**Supplied data:**
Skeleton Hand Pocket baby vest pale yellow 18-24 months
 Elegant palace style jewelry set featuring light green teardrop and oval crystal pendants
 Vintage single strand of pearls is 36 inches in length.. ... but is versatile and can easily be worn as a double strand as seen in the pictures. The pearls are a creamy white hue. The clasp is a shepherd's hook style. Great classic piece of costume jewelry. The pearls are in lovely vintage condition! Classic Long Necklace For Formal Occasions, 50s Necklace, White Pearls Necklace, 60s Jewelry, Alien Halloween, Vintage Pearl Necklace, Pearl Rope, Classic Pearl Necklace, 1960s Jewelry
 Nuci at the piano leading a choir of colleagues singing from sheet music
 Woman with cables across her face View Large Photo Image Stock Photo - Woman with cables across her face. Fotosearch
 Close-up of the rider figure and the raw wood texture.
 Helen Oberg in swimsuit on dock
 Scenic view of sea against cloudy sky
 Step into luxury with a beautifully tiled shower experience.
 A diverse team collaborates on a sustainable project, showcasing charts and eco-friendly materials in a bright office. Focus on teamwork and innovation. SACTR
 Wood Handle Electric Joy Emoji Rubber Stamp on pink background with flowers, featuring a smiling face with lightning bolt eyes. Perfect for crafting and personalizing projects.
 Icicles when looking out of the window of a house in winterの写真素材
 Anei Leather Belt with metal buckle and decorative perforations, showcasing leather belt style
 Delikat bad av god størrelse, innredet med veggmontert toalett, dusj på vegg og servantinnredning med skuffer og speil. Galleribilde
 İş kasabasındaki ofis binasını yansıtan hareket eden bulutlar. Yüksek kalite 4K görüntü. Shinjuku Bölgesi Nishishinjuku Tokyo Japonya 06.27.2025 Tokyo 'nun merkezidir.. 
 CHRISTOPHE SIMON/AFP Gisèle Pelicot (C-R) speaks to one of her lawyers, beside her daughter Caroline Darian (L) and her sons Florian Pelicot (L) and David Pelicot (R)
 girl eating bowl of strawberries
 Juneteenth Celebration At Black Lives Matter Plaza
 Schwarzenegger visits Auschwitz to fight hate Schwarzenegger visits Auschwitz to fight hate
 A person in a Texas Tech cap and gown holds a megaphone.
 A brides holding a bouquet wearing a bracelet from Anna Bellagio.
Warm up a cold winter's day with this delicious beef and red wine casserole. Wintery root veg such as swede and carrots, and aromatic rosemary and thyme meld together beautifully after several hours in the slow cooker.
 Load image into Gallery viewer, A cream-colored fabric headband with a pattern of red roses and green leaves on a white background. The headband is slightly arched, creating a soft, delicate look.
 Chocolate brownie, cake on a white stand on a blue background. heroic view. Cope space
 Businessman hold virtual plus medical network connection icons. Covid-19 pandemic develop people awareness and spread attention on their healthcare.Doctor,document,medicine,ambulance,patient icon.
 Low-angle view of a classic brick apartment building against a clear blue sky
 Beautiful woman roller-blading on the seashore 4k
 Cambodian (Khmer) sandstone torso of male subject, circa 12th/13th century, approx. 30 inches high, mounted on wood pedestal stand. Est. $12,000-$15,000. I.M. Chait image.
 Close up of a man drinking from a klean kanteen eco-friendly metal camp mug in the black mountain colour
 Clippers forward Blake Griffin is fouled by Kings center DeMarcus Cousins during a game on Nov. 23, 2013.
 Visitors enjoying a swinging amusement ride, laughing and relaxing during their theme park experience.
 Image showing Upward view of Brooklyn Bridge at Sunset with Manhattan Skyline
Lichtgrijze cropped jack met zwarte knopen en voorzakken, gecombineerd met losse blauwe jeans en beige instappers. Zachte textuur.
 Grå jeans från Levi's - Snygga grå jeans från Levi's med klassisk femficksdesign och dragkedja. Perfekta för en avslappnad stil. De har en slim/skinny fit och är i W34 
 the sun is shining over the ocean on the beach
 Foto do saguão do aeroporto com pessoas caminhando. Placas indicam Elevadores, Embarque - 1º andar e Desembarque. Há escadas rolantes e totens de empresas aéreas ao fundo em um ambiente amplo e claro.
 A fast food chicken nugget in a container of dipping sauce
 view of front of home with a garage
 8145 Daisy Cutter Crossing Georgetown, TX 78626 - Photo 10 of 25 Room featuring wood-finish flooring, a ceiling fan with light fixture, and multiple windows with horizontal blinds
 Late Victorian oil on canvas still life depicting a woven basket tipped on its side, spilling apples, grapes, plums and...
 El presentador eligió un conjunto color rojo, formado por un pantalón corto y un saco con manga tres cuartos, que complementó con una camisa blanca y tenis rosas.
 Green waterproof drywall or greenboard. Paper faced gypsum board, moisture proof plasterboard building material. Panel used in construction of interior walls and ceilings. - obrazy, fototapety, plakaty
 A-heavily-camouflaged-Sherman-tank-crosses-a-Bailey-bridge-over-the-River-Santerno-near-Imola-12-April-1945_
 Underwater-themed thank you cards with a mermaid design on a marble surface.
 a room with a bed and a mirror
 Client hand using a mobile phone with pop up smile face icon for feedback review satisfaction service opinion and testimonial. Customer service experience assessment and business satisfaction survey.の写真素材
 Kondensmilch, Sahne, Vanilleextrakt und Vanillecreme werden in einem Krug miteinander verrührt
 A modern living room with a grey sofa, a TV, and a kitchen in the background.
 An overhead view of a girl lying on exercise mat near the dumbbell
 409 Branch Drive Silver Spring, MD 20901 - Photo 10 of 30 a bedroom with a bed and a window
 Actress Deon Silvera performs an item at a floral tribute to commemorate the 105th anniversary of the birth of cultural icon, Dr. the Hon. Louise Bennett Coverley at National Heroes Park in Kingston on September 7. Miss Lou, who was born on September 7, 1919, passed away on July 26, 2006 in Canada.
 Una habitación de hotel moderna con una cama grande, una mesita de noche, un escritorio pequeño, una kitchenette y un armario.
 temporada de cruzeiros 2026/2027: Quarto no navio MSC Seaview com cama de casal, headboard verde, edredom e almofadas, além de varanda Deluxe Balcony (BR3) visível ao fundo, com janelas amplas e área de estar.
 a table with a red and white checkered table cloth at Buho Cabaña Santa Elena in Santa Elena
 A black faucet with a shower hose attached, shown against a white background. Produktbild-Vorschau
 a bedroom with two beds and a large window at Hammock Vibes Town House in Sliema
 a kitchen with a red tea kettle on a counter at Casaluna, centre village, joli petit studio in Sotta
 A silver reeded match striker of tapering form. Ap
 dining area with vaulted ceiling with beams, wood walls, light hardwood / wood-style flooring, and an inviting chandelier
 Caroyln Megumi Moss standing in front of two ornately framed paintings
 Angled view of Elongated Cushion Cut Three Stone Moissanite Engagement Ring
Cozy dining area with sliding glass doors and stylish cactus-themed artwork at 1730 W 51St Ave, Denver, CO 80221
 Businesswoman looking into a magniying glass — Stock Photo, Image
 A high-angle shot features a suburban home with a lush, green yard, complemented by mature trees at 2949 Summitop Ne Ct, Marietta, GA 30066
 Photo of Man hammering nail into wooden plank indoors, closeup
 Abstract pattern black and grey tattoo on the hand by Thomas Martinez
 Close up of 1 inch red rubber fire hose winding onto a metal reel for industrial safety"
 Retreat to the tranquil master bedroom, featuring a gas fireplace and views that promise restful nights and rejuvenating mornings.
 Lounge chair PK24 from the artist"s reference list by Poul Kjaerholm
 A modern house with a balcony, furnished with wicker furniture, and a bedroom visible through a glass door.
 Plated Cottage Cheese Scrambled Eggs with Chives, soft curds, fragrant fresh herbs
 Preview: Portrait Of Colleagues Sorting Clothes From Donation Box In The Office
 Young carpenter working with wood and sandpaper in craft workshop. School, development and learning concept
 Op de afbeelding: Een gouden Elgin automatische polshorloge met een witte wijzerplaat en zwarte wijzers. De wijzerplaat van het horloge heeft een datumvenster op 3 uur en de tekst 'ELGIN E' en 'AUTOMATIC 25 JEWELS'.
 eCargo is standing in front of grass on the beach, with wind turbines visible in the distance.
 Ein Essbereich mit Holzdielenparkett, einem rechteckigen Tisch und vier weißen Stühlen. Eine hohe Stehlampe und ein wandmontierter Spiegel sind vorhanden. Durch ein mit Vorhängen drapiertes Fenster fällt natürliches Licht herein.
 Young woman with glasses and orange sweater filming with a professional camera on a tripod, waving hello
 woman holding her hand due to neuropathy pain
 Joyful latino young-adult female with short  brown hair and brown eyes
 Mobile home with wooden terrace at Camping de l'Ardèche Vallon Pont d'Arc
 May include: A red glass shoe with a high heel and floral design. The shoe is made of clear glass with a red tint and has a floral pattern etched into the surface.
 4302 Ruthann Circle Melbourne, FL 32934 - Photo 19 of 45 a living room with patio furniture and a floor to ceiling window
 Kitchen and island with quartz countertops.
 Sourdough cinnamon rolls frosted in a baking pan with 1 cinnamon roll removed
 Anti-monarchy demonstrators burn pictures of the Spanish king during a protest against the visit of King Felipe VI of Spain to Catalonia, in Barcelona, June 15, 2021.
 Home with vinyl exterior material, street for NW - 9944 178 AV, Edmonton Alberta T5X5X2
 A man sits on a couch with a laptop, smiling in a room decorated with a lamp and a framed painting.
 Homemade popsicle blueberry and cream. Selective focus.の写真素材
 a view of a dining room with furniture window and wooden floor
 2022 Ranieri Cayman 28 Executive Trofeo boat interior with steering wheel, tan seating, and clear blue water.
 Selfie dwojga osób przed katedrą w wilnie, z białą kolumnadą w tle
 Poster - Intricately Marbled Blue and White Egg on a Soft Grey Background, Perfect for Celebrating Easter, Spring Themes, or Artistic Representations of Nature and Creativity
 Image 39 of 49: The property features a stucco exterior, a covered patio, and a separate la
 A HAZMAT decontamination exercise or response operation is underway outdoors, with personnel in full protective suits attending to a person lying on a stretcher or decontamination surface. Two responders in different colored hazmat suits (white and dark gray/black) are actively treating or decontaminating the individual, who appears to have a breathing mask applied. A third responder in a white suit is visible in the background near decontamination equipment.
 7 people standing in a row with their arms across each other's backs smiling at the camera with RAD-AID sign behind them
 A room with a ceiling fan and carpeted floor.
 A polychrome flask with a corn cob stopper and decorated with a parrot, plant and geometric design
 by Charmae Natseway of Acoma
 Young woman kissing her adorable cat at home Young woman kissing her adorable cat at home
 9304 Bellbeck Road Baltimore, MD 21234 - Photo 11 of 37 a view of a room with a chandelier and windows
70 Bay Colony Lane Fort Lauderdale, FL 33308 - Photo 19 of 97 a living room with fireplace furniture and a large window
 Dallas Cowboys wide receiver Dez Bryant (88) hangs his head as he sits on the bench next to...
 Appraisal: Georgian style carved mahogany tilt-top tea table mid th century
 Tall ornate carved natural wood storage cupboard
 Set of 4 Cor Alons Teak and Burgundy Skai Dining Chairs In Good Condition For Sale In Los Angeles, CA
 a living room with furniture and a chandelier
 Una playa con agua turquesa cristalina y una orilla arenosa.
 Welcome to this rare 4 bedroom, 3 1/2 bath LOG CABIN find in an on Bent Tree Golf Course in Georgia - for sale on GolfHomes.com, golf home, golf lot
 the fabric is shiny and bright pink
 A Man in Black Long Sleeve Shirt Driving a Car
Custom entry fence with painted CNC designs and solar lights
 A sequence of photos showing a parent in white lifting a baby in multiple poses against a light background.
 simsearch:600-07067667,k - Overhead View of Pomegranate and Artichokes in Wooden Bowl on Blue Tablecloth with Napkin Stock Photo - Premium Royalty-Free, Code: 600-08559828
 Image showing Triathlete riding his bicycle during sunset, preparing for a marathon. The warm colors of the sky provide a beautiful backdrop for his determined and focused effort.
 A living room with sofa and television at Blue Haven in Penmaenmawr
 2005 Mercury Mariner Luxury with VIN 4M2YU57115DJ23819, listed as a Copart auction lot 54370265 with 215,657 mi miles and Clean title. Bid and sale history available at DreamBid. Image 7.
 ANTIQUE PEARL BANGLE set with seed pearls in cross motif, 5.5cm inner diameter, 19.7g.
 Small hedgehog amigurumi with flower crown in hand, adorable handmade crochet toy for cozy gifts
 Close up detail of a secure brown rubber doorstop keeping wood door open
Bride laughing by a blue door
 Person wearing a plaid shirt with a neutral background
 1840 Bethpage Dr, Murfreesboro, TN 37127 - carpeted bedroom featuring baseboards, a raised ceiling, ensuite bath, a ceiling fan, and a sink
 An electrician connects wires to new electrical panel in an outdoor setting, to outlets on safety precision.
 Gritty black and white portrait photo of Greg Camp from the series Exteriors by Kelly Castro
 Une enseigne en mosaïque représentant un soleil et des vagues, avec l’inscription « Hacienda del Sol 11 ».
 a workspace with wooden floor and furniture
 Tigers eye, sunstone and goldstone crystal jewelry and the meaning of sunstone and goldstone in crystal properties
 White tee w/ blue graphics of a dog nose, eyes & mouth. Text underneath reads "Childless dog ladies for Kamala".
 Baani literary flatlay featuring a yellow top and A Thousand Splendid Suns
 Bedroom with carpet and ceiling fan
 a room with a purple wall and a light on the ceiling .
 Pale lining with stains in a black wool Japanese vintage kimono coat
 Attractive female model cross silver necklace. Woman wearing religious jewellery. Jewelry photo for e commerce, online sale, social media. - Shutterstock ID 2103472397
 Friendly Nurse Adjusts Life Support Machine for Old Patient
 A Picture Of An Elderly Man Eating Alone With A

**Your goal:** Please give an exact copy of the lines above, beginning with the line containing "Young carpenter working" and running through the line containing "Mobile home with", and of no other lines.

**Solution to the problem:**
 Young carpenter working with wood and sandpaper in craft workshop. School, development and learning concept
 Op de afbeelding: Een gouden Elgin automatische polshorloge met een witte wijzerplaat en zwarte wijzers. De wijzerplaat van het horloge heeft een datumvenster op 3 uur en de tekst 'ELGIN E' en 'AUTOMATIC 25 JEWELS'.
 eCargo is standing in front of grass on the beach, with wind turbines visible in the distance.
 Ein Essbereich mit Holzdielenparkett, einem rechteckigen Tisch und vier weißen Stühlen. Eine hohe Stehlampe und ein wandmontierter Spiegel sind vorhanden. Durch ein mit Vorhängen drapiertes Fenster fällt natürliches Licht herein.
 Young woman with glasses and orange sweater filming with a professional camera on a tripod, waving hello
 woman holding her hand due to neuropathy pain
 Joyful latino young-adult female with short  brown hair and brown eyes
 Mobile home with wooden terrace at Camping de l'Ardèche Vallon Pont d'Arc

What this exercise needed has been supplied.